Task objective:
I'd like the full listing transcribed exactly, with no images included.

Source material:
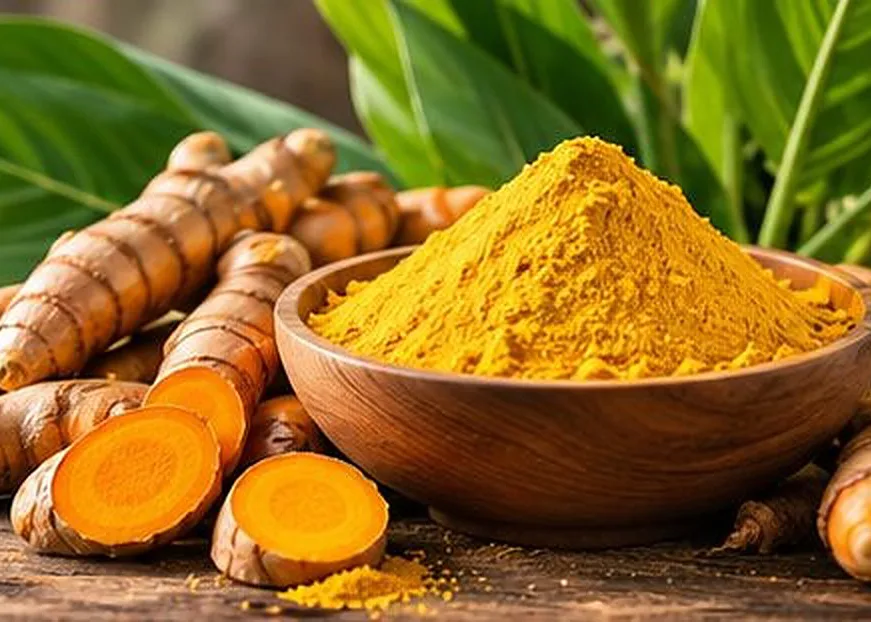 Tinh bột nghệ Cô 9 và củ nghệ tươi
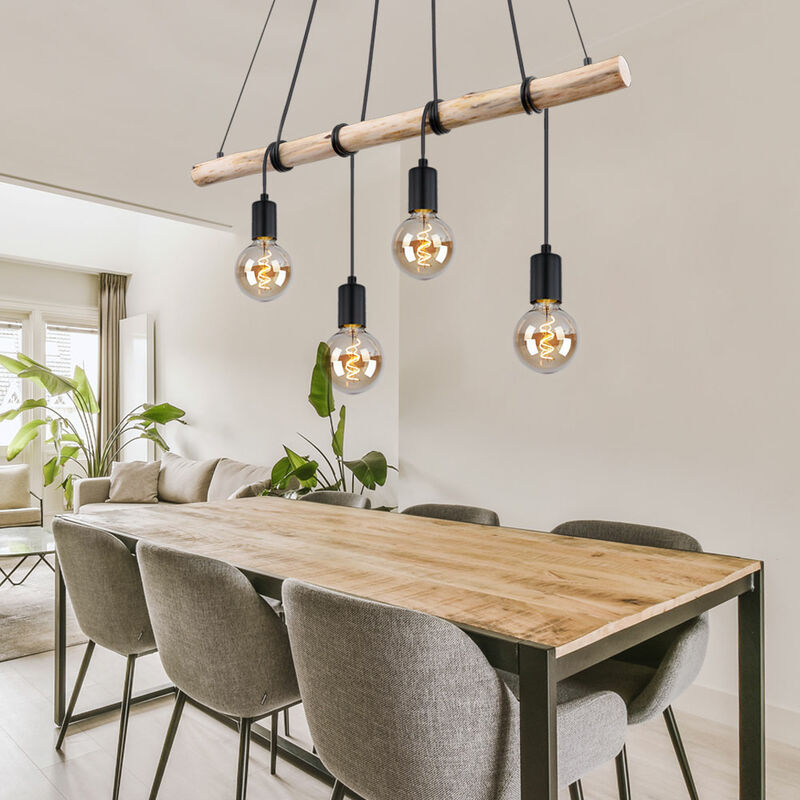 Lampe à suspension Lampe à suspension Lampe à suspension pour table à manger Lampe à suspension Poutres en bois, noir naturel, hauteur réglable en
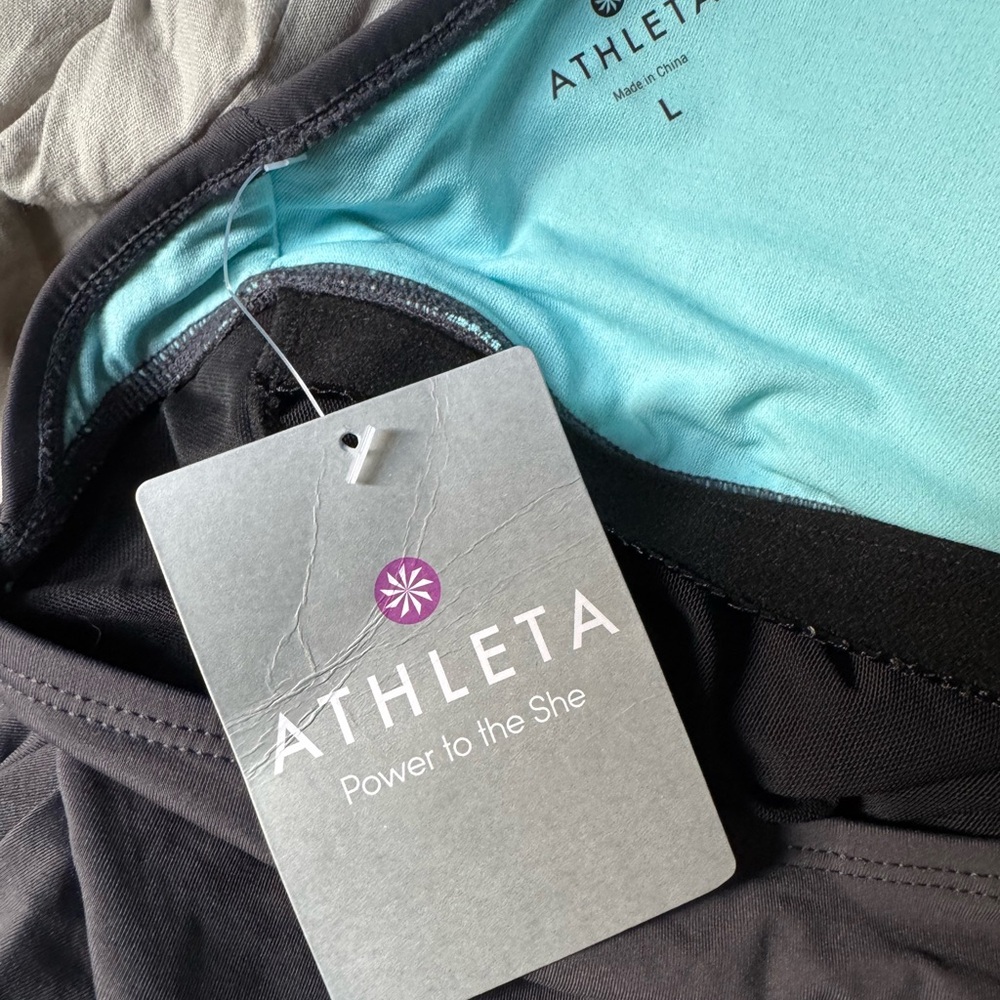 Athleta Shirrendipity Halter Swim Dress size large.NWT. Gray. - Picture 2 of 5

Written response:
 Tinh bột nghệ Cô 9 và củ nghệ tươi
 Lampe à suspension Lampe à suspension Lampe à suspension pour table à manger Lampe à suspension Poutres en bois, noir naturel, hauteur réglable en
 Athleta Shirrendipity Halter Swim Dress size large.NWT. Gray. - Picture 2 of 5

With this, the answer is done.